Пугало — якутская целительница, живущая в одной из снежных деревень возле города. Местные её обходят стороной, называют ведьмой или шарлатанкой. Дети закидывают старуху снежками, а взрослые, если подвернётся момент, могут и избить. Но, несмотря на это, в дом к Пугалу чуть ли не каждый день приходят новые люди. Со слезами на глазах они умоляют вылечить больных родственников, и знахарка, обременённая собственным талантом, не может отказаться. После обряда счастливая семья уезжает, а Пугало тем временем переживает неизменно тяжёлые последствия: из её рта сочится тёмная жижа, а после целительница пускается в сумасшедший неистовый танец, способный прерваться только после выпитой бутылки водки.
Определять жанр «Пугала» — как тыкать пальцем в небо. Вроде и не истерн, но меланхоличные пейзажи с героем-одиночкой есть, вроде и не триллер, но саспенсовых сцен (опять же не в привычном значении этого слова, а скорее тягуче- невыносимых) достаточно. А тут ещё и коллеги-критики нарекают картину то хоррором, то мистической драмой — если на это кино и навешивать ярлыки, то одним всё равно не обойтись. Хотя для Дмитрия Давыдова, режиссёра, параллельно работающего директором якутской школы, такое жанровое многообразие остаётся единственно возможным способом охватить окружающую его действительность.

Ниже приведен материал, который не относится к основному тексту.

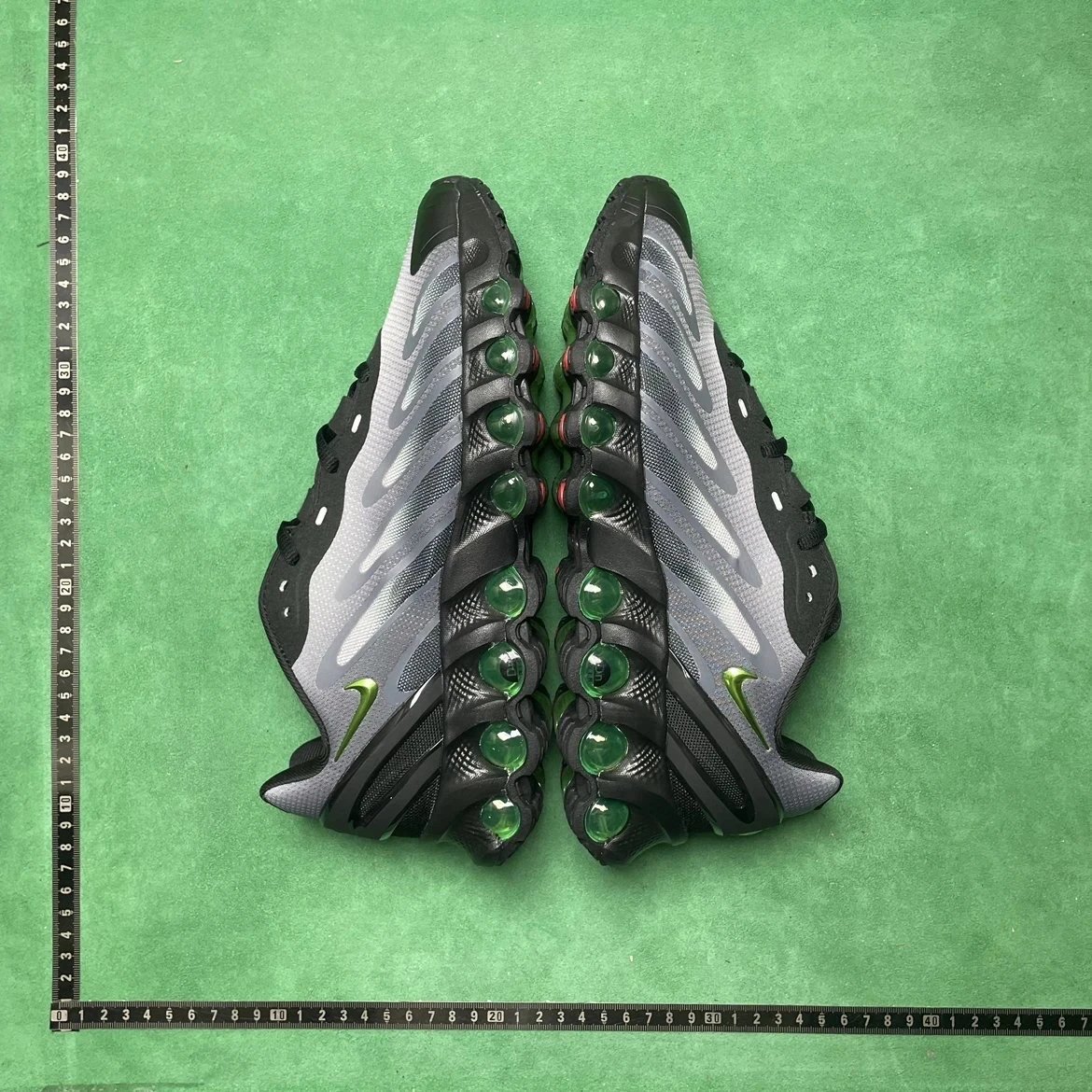 No. 2 black and gray FQ7860 003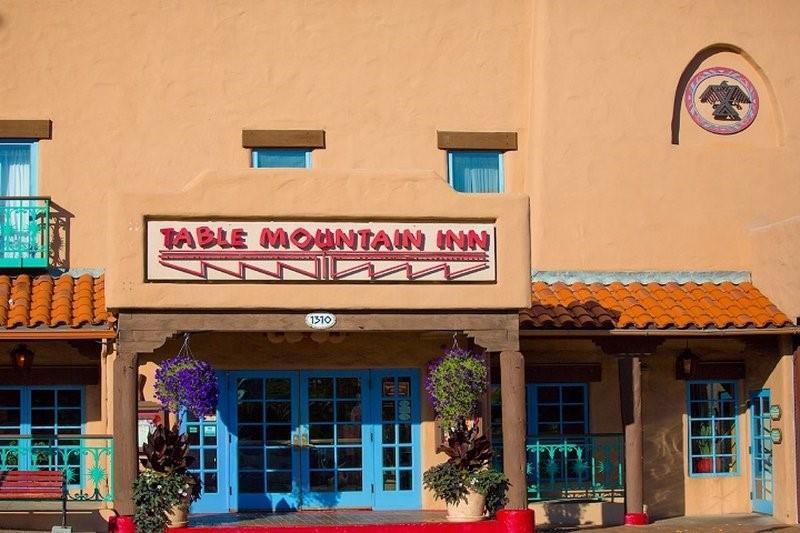 Table Mountain Inn Golden Ngoại thất bức ảnh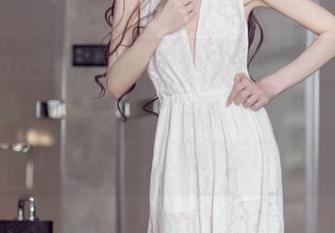 TouTiao头条女神 – 樊安妮的万圣节计划——想象一堆南瓜在Party中狂舞，作品集了解一下，下载带回家！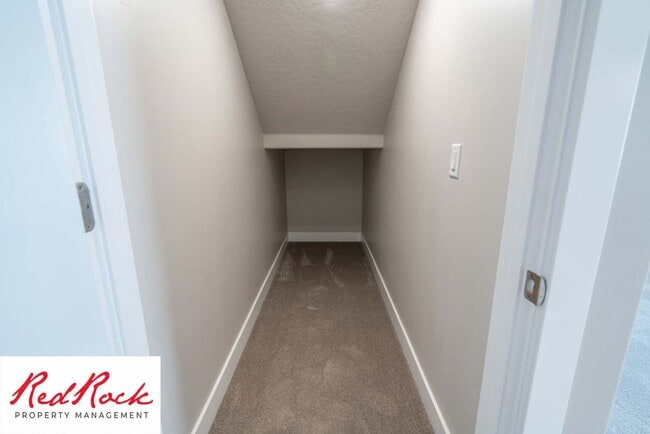 Building Photo - 3 Bedroom Hurricane Townhome With Scenic Views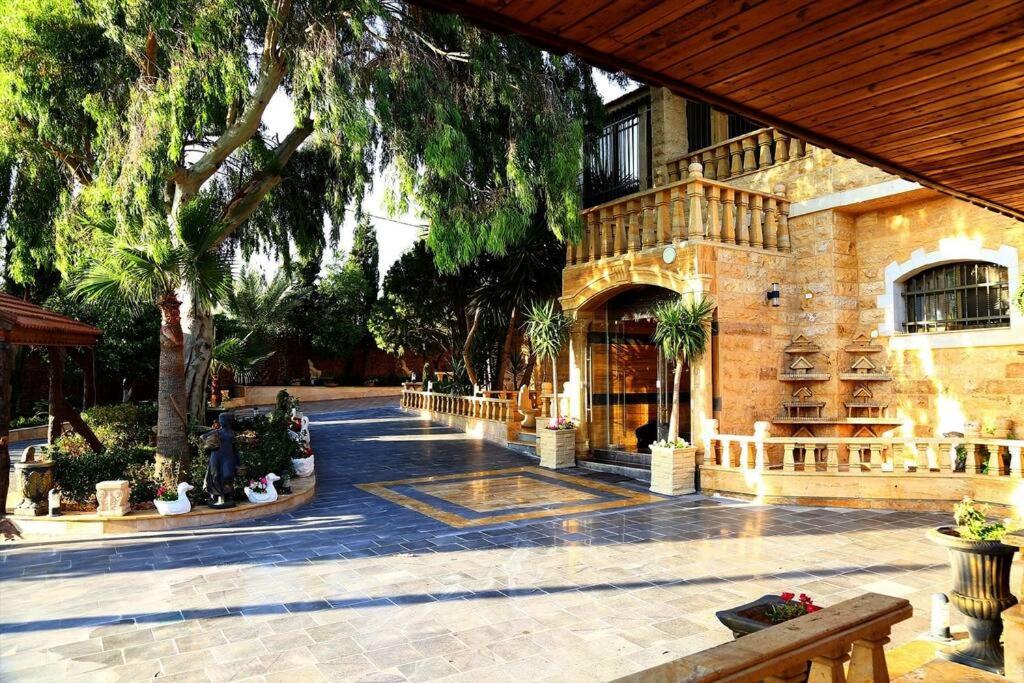 Modern Luxurious Classic Jo Villa with a large pool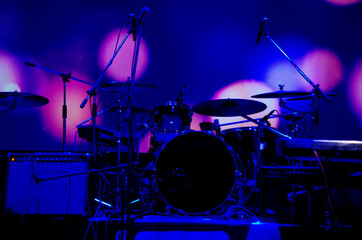 Obraz na płótnie Canvas Musical drum kit and stage microphones.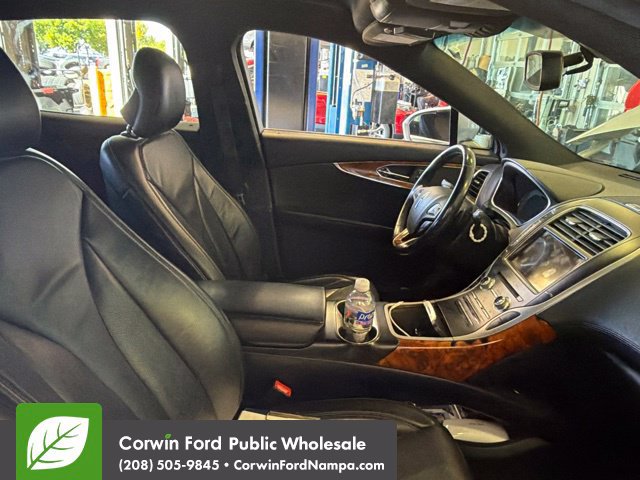 Used 2018 Lincoln MKX Select w/ Select Plus Package FWD image 11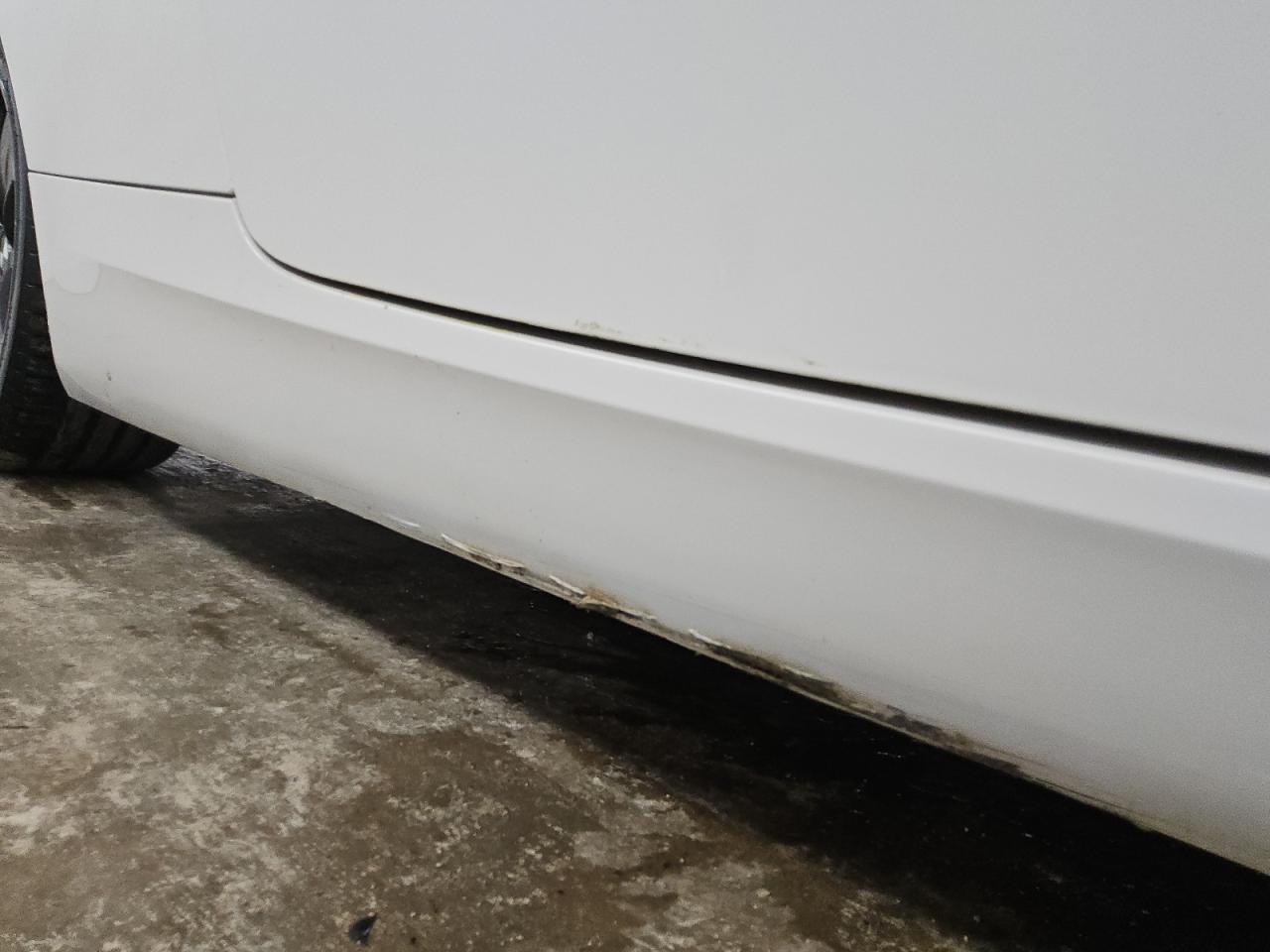 2009 Bmw 335 I White vin: WBAWL73519P473750 Damage: Right Rocker Panel Molding, Previous Repair, Substandard Repair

Героиня-знахарка, вечно одетая в разноцветные валенки и потрёпанную куртку, — личность безусловно трагедийная. За её страданиями из-за бремени таланта скрывается более глубокая грусть — переживание семейной драмы, не известной, кажется, ни большинству её односельчан, ни, собственно, самому зрителю. Публика во время просмотра «Пугала» вообще обречена додумывать, присматриваться, вслушиваться, иначе говоря, делать всё, чтобы драматургические и кинематографические промежутки, умело сконструированные Давыдовым, заполнить значениями. Даже во время своих альтруистических актов целительница выгоняет родственников больных, а вместе с ними и самого зрителя, за дверь.
Если уж совсем откровенно, то от фильмов в духе «Пугала» на жанровых фестивалях вроде Sitges или Fantasia порой нет отбоя. Меланхоличные национальные слоубёрнеры с микробюджетом и целым рядом исторических комплексов — не редкость. Ирландский «Не состарится» с похожей (хотя и не такой радикальной) стилистикой, тоже, кстати, мимикрирующий под вестерн и немного под мифологическую историю, — лишь один из сотни примеров. То есть нарекать «Пугало» явлением настолько уникальным, думается, не совсем честно.
Хотя тех, кто это делает, понять нетрудно. В первую очередь, в силу связи «Пугала» с российской действительностью. Что-то похожее в последний раз пытался транслировать Балабанов в «Реке» и в «Кочегаре» — но там этот взгляд на культуру был всё равно ангажированным, если угодно, далёким от взгляда местных жителей, во всей полноте осознающих контекст окружающей их реальности. Город и деревня, русское и якутское, языческое и постиндустриальное — только в «Пугале» эти конфликты могут найти истинное развитие. Вечно одинокие персонажи Давыдова обречены на трагичный финал: оставшиеся местными легендами, историями, стирающимися из памяти очевидцев через пару лет, они не находят ни счастья, ни успокоения. Эта же безвестность когда-то угрожала якутскому кино по отношению к широкой российской аудитории, но сейчас в их новых меланхоличных мифах наконец- то учатся искать настоящую поэзию.